I recently acquired a group of 2nd generation photographic images. These are photos taken of something like a portrait. The portrait is the first generation image and the photo is the second generation of that image. I’m not an expert on antique photographs but I love the idea of a portrait being so important to a descendent that the family decided to have a photograph taken to share with other family members. We know that sometimes silhouettists were asked to cut multiple figures and sometimes portraitists painted second portraits for family members.

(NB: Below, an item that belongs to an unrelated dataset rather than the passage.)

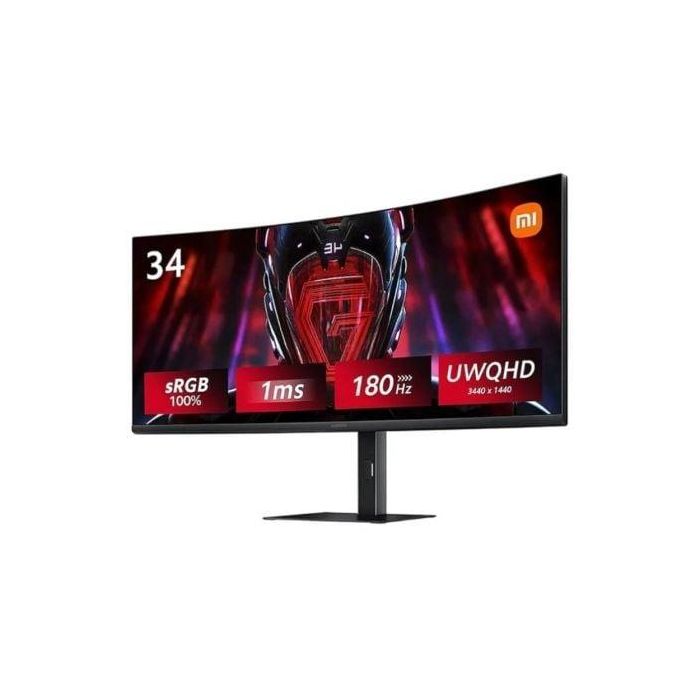 Xiaomi ELA5454EU Monitor Gaming Curvo G34Wqi 34" WQHD IPS 1ms 180Hz RGB FreeSync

The current group are all cabinet cards. Carte de viste (1859-1889) was the first type of photograph made from a negative, which allowed multiple photos to be printed from one sitting. The photograph was printed on thin paper which was then glued to thicker paper or card. Cabinet cards (1866-1903) are basically the same as carte de viste, usually glued to larger card, sometimes with the photographer’s trade information below the glued photo and/or on the reverse. Around 1880, the cardboard mount for cabinet cards started having beveled edges, sometimes with a gold or silver color in the bevel.
The original profile portrait of this pretty lady was a portrait miniature by J.H. Gillespie. This is another of those photos that make my heart sing! The portrait was what has been designated as Gillespie’s “Style 5.” Style 5 is a profile painted with watercolor, ink and pencil used to model the features. Shading around the perimeter of the portrait is achieved with large dabs of dark browns and blues concentrated on the lower right and left sides of the figure and a light blue color applied with minute brushstrokes on the top. Clothing usually painted in dark tones of black or blue, with colored buttons or jewelry and gum arabic highlights. As you can see this young lady fits the description of Gillespie’s Style 5 profiles. And look at the detail in the lace of her bonnet and pelisse! Her face is beautiful and serene. The photograph of the portrait miniature is from the studio of “Lemer/206 Market St./Harrisburg, PA.” The studio stamp is on the front only, below the photograph. There were several Lemers who ran photo studios in Harrisburg, both Lerue Lemer and his son, Lerue Jr., worked at 206 Market Street. Inscribed in pencil on the back- “Mrs. J.H. Young my grandmother.” Cabinet card is 4.25”x 6.5” with oval image 3.5” x 4.5” (the portrait miniature would have been smaller, probably 3” tall). Minor wear, light soil, pencil notes on the back, light crease in lower left corner. A Gillespie portrait for a fraction of the price!